MuE - You Need Multiple Exiting

This is the official code of CVPR 2023 paper "You Need Multiple Exiting: Dynamic Early Exiting for Accelerating Unified Vision Language Model" Arxiv. The old version code has been merged into official OFA repository. This repo will be continuously maintained.

Requirements

python 3.7.4
pytorch 1.8.1
torchvision 0.9.1
JAVA 1.8 (for COCO evaluation)

Installation

git clone https://github.com/OFA-Sys/OFA
pip install -r requirements.txt

Datasets and Checkpoints

See datasets.md and checkpoints.md.

Training & Inference

Below we provide methods for training and inference on different tasks. We provide both pretrained OFA-Large and OFA-Base in checkpoints.md. The scripts mentioned in this section are prepared for OFA-Large. For reproducing the downstreaming results of OFA-Base, we have also provided the corresponding finetuning and inference scripts for OFA-Base in the run_scripts/ folder.

We recommend that your workspace directory should be organized like this:

OFA/
├── checkpoints/
│   ├── ofa_base.pt
│   ├── ofa_large.pt
│   ├── caption_large_best_clean.pt
│   └── ...
├── criterions/
├── data/
├── dataset/
│   ├── caption_data/
│   ├── gigaword_data/
│   └── ...
├── fairseq/
├── models/
├── run_scripts/
├── tasks/
├── train.py
├── trainer.py
└── utils/

Image Processing

To ensure the efficiency of processing data, we did not store images with small files, but instead we encode them to base64 strings. Transforming image files to base64 strings is simple.

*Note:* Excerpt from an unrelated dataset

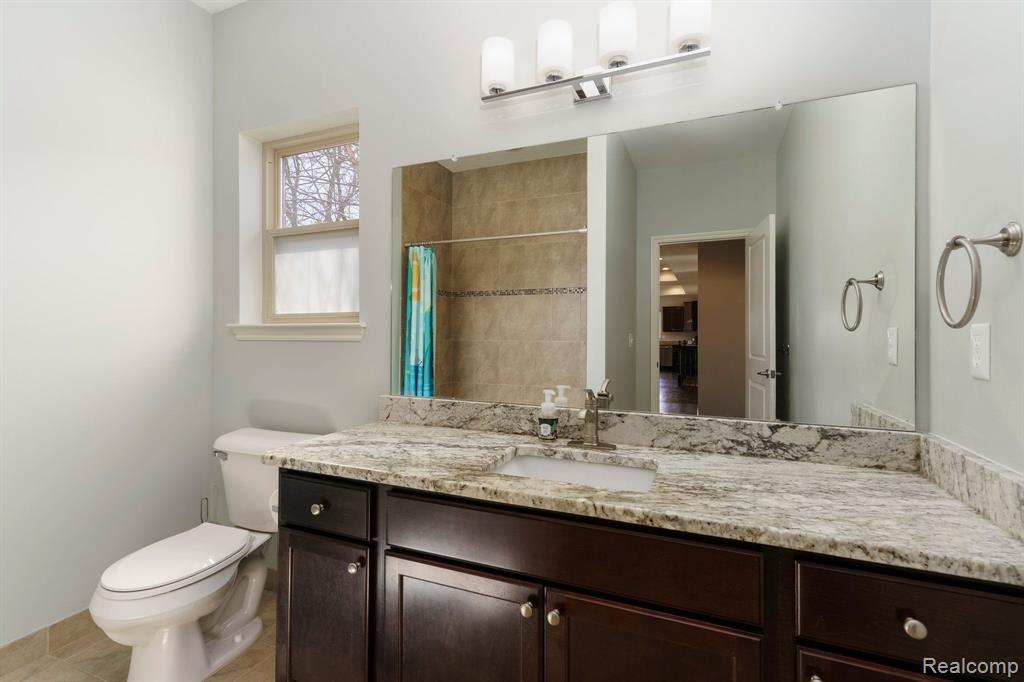 51112 MERRY Lane, Shelby Twp, MI 48316 — Photo 37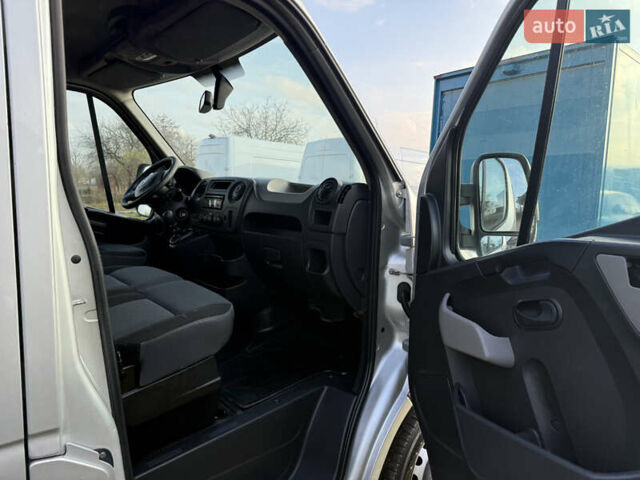 Сірий Рено Мастєр, об'ємом двигуна 2.3 л та пробігом 215 тис. км за 15999 $, фото 9 на Automoto.ua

Run the following code:

from PIL import Image
from io import BytesIO
import base64

img = Image.open(file_name) # path to file
img_buffer = BytesIO()
img.save(img_buffer, format=img.format)
byte_data = img_buffer.getvalue()
base64_str = base64.b64encode(byte_data) # bytes
base64_str = base64_str.decode("utf-8") # str

Image Captioning

We provide procedures to reproduce our results of image captioning on our paper below.

1. Prepare the Dataset & Checkpoints

Download data (see datasets.md) and models (see checkpoints.md) and put them in the correct directory. The dataset zipfile caption_data.zip contains caption_stage1_train.tsv, caption_stage2_train.tsv, caption_val.tsv and caption_test.tsv. Each image corresponds to only 1 caption in caption_stage1_train.tsv and corresponds to multiple captions in other TSV files (about 5 captions per image). Each line of the dataset represents a caption sample with the following format. The information of uniq-id, image-id, caption, predicted object labels (taken from VinVL, not used), image base64 string are separated by tabs.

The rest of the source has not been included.